Councilmember Brianne Nadeau said there is a consistent path of racial and economic discrimination in D.C. “Steer the ship toward more responsible and affordable public housing,” she said.

Activist David Whitehead, representing the Edgewood Community in Ward 5, said the Comprehensive Plan should be a tool to get more affordable housing and prevent displacement.

“We need more housing,” he said to the packed council chamber, adding that the Comprehensive Plan needs stronger language on affordable housing. “The question is whether to water down the Comprehensive Plan or clarify it.”

“We need to emphasize stability,” testified Ms.

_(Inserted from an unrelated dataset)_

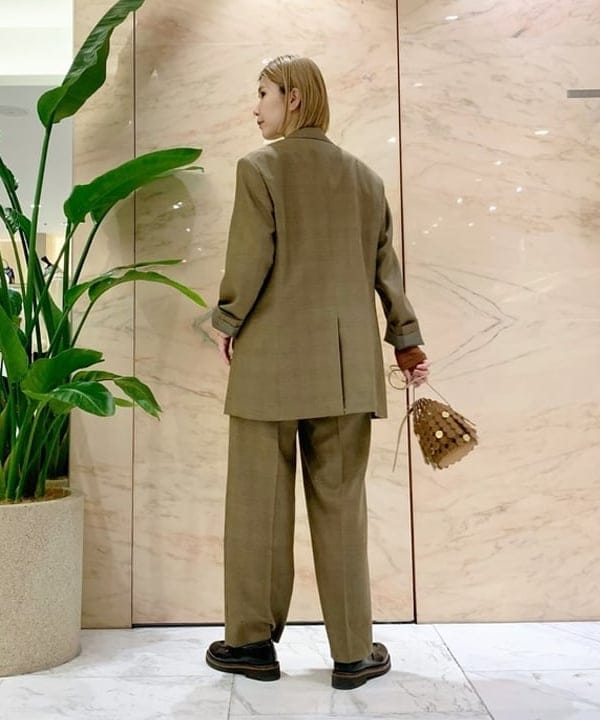 AONO SHIKAMAさんの「BEAMS WOMEN｜AURALEE / BLUEFACED WOOL JACKET」を使ったコーディネート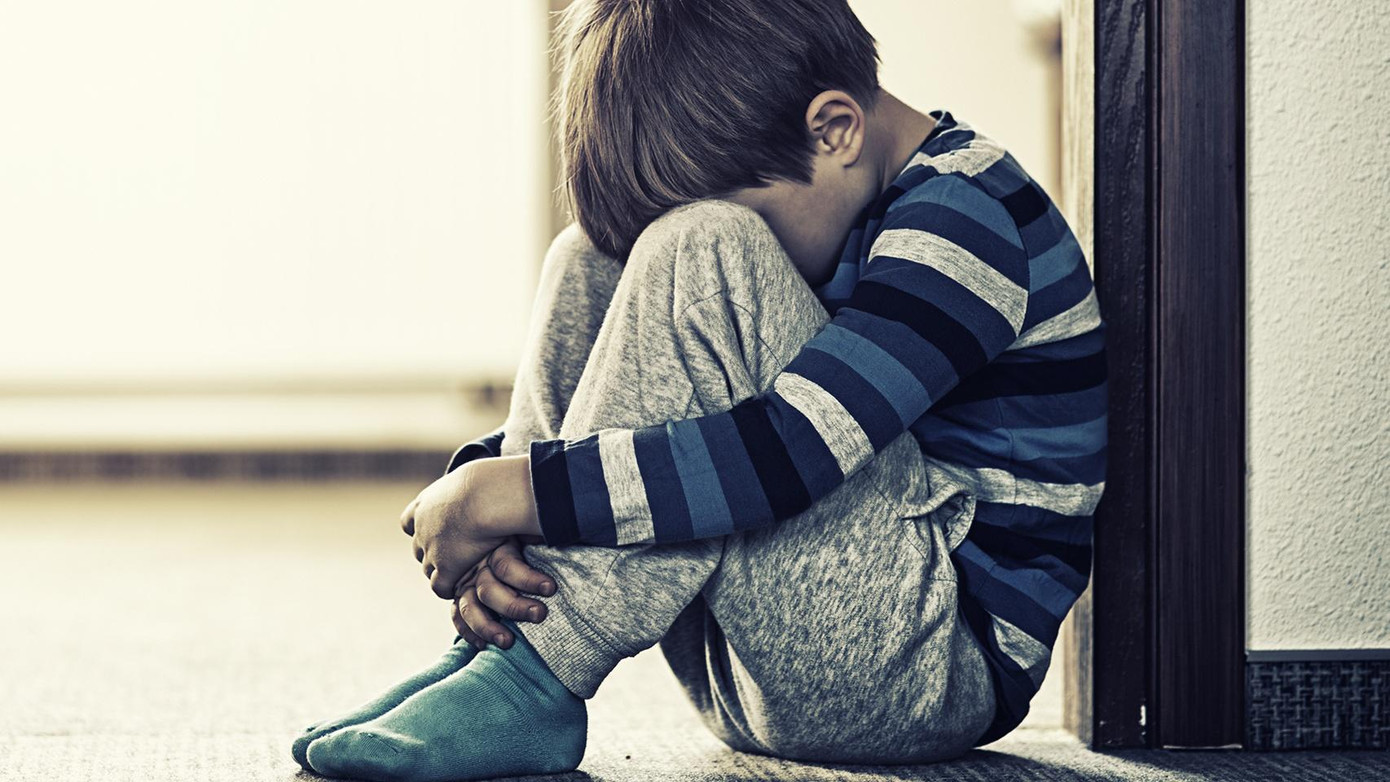 Nguyên nhân gây trầm cảm học đường, về tâm lý xã hội, theo bác sĩ, có thể trẻ bị áp lực từ cuộc sống, gia đình, xã hội. Bên cạnh đó là sự thay đổi tâm sinh lý của trẻ theo tuổi, ám ảnh bởi những đau thương thời thơ ấu hoặc do lối sống không lành mạnh. Những sự kiện tiêu cực trong đời sống như sự mất mát người thân yêu, cha mẹ ly hôn, chứng kiến tự sát đều có liên quan đến sự khởi phát trầm cảm ở trẻ em. Ảnh minh họa: Internet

Greene, a public witness. “Don’t tear down the existing affordable housing.”

Caroline Petty, president of the Brookland Civic Association, favored the plan, though she had concerns. The amendments obscure the clarity of the Comprehensive Plan, she said, opening it more to debate and interpretation.

Councilmember Elissa Silverman commented that “we have lost much affordable housing in our city,” and also emphasized the need for clarity.

“What is a stable neighborhood?” Nadeau asked rhetorically. “It is one where people don’t get displaced.”

There is a lack of “transparency,” testified Dr. Sabiyha Prince, a gentrification expert trained in anthropology and qualitative research.

In response to a complaint by housing advocates that Mayor Bowser’s office bypassed usual procedure, her communications director told Street Sense Media in an email that officials in the mayor’s office held several meetings with assembled members of the public. Bowser’s staff submitted a report to the Office of Planning.

“The problems aren’t solved; they’re getting worse,” said Parisa Norouzi, Executive Director of Empower D.C., the main nonprofit behind the anti-plan protest efforts and “Stop the Comprehensive Scam” stickers worn by many to the hearing. Empower D.C. has been organizing community meetings for the past year to review individual chapters of the 1,000-page plan, generate comments to submit to the Office of Planning, and organize turnout to events such as the evening hearing.

“We keep subsidizing high-cost developers to build a few affordable housing units,” she complained to a recent gathering at one such meeting meeting in a packed church basement in Southeast D.C.. “We have to pick a fight with the status quo.” She argued that there’s still a lot of racism in D.C. driving gentrification, whether people admit it on the surface or not “We need a drastic reassurance to enable uplifting of people starting with affordable housing.”

There is a basic equity gap that is hard to bridge in the current climate, all seemed to agree, whether they supported the proposed changes or stood against them.

“It’s poor to develop this way,” Dr. Prince later told Street Sense Media. “It represents uneven development; it’s helping some people and not others; a trickle-down strategy. It’s important to take input from the community and follow through 100 percent.”